Required action: In the material below, the line holding "Affordable Replica Rolex" and every line after it should be reproduced exactly, please, with pictures omitted.

Data segment:
++++++

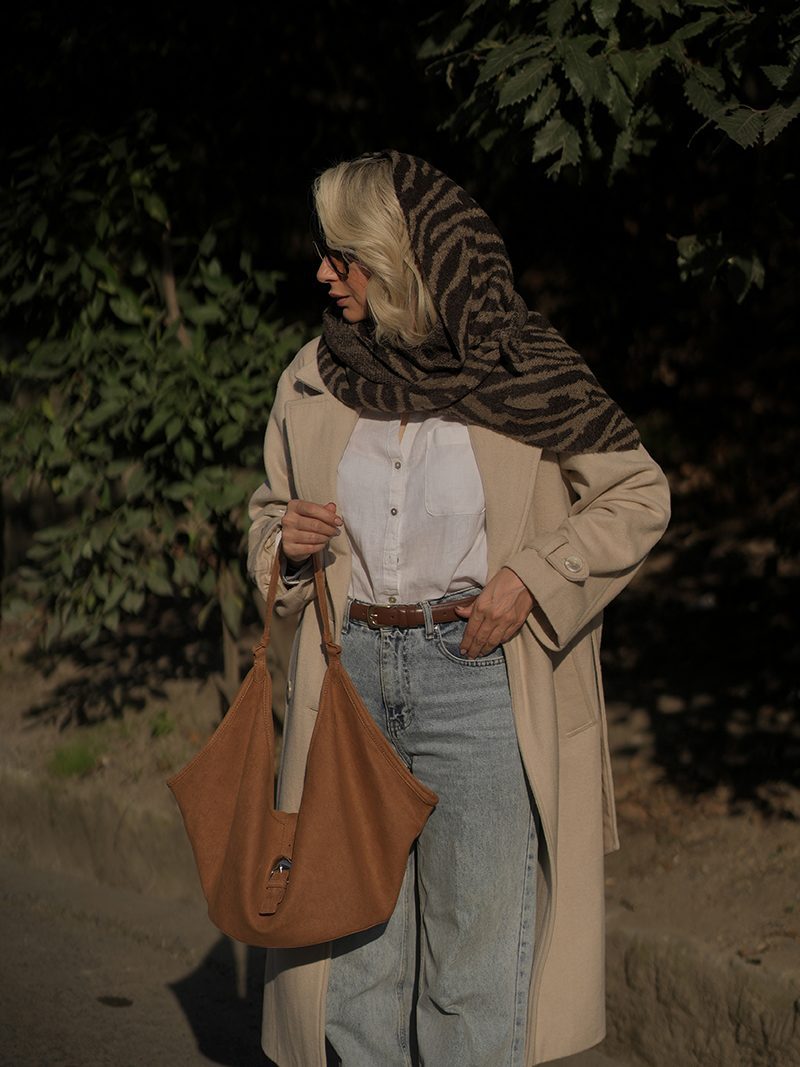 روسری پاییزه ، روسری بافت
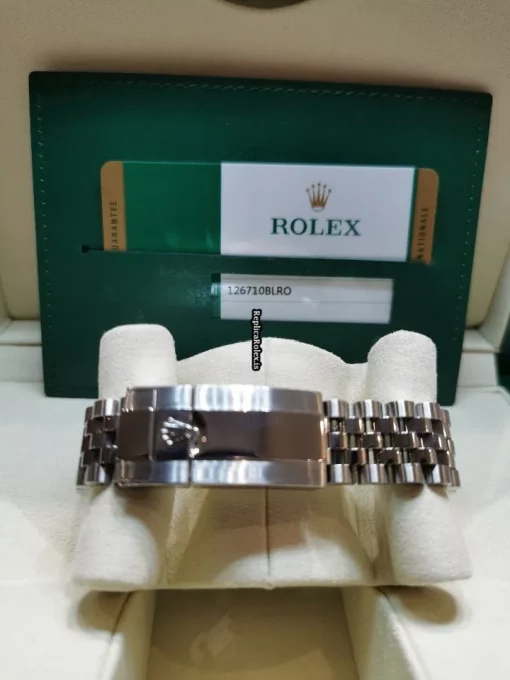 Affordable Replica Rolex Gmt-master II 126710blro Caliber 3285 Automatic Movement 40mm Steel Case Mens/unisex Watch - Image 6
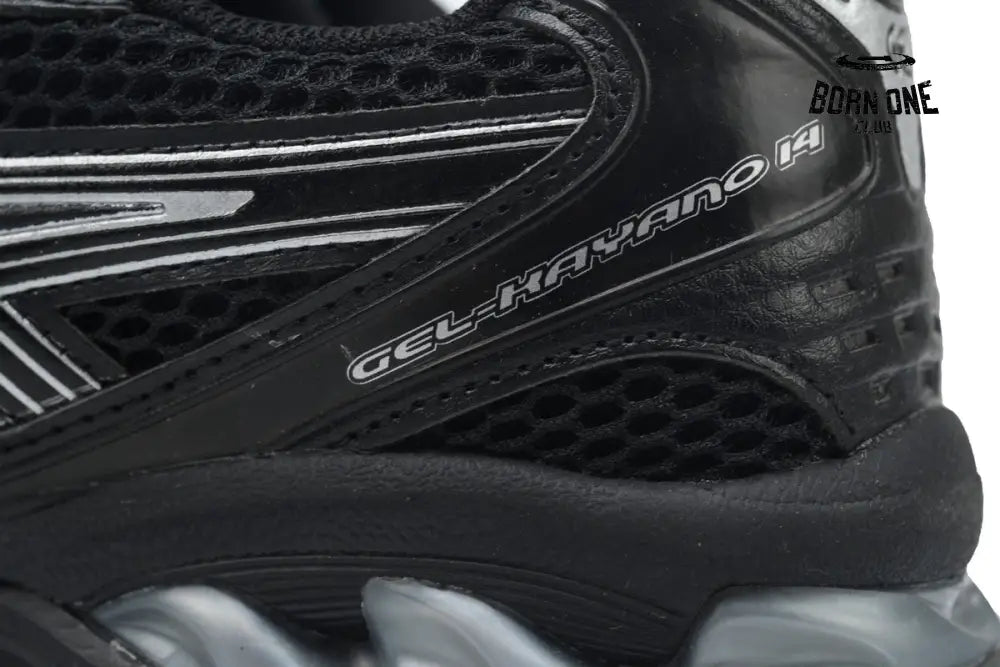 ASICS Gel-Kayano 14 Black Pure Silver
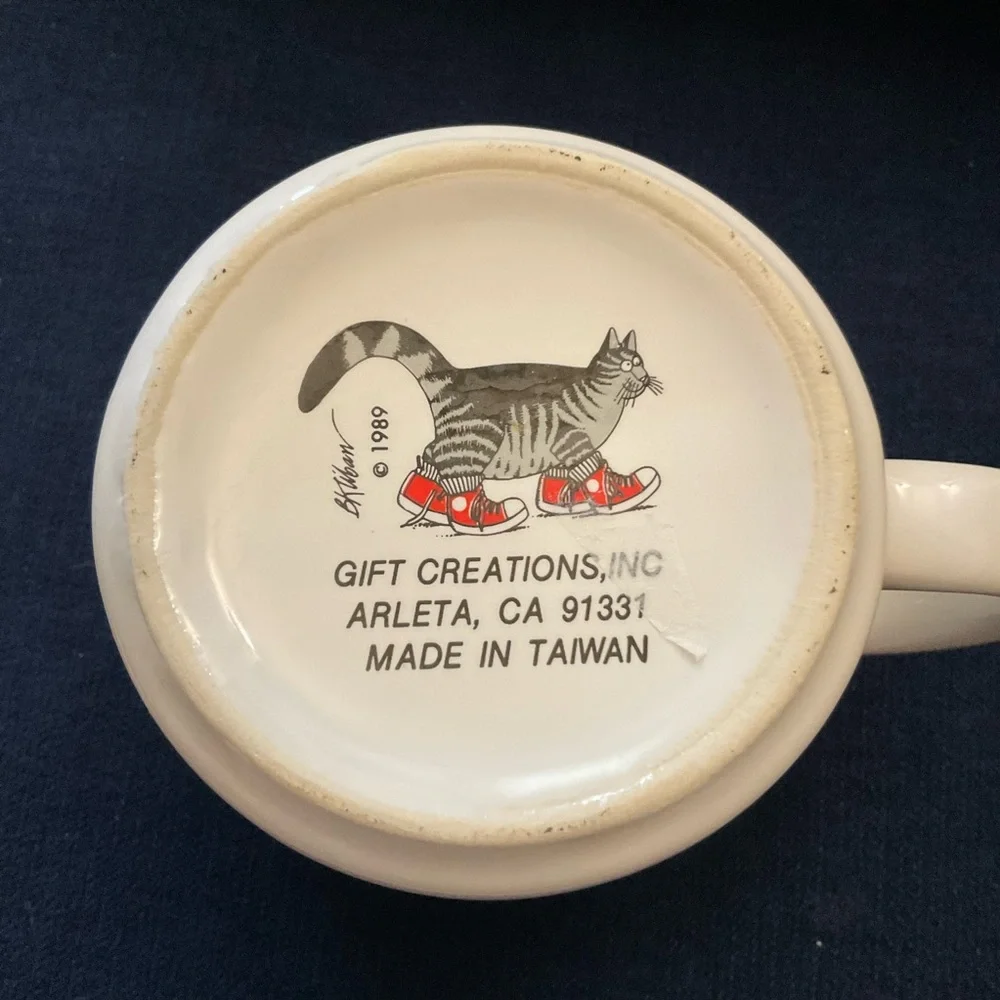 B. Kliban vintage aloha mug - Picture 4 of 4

++++++

Response for this exercise:
 Affordable Replica Rolex Gmt-master II 126710blro Caliber 3285 Automatic Movement 40mm Steel Case Mens/unisex Watch - Image 6
 ASICS Gel-Kayano 14 Black Pure Silver
 B. Kliban vintage aloha mug - Picture 4 of 4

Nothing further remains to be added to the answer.